Introducing Low-Latency Streaming Pipelines for Real-Time ML - Tecton

Tecton

Home / Blog / Introducing Low-Latency Streaming Pipelines for Real-Time ML /

Introducing Low-Latency Streaming Pipelines for Real-Time ML

Introducing Low-Latency Streaming Pipelines to Support Real-Time ML

Intro

We’re excited to announce that Tecton now automates low-latency streaming pipelines, to help organizations quickly and reliably build Real-Time ML models.

Real-Time ML means that predictions are generated online, at low latency, using real-time data; new events are reflected in real-time in the model’s predictions. Real-Time ML is valuable for any use case that needs very fresh data, such as fraud detection, product recommendations, and pricing use cases.
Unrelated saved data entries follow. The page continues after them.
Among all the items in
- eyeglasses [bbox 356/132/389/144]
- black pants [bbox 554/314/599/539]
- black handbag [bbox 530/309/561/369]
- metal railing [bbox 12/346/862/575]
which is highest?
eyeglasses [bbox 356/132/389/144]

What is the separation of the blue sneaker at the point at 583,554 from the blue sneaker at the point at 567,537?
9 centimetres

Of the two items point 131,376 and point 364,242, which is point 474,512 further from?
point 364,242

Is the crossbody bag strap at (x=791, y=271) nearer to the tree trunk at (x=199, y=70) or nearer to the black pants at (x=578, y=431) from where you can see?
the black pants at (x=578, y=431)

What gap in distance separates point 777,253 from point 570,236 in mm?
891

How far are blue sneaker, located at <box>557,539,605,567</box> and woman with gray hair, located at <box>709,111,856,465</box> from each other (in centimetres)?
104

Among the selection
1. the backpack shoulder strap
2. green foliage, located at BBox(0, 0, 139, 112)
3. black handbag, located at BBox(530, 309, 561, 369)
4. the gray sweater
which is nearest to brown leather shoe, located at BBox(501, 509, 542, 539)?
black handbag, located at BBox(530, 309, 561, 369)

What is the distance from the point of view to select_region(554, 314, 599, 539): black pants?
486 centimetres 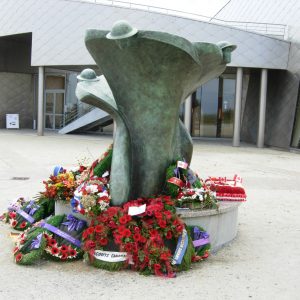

These use cases need to make predictions on the events that happened over the past few seconds, not just the past day.

Tecton low-latency streaming pipelines allow data teams to:

  • Automatically process features from streaming sources like Kafka or Kinesis, eliminating the need to build and operate custom pipelines
  • Provide sub-second feature freshness
  • Automatically backfill features from batch sources
  • Process time aggregations efficiently at scale

In this blog, we’ll talk about the common challenges of processing ML features from streaming sources, then go into more detail on the new Tecton capabilities.

Challenges of Streaming Pipelines for Real-Time ML

Streaming platforms like Apache Kafka and AWS Kinesis are the most common data sources for Real-Time ML use cases. They provide raw data with latencies on the order of milliseconds. However, streaming data is much more difficult to operationalize than batch data and presents the following technical challenges:

  1. Building streaming pipelines. Most data scientists lack the expertise to build streaming pipelines, which require production-grade code and specialized stream processing tools like Spark Streaming, Apache Flink, or Kafka Streams. So data scientists hand off their features to highly skilled data engineers to build custom streaming pipelines that reimplement the data scientist’s feature logic. This process can add weeks or months to the lead time for deploying a new model.
  2. Combining batch and streaming data. The streaming pipelines continuously process fresh feature values which can be served online for real-time inference. But we still need to process historical data to generate training datasets, and to backfill the feature values during cold starts. Without the backfill, it may take weeks or months of processing to completely populate an online store from the stream.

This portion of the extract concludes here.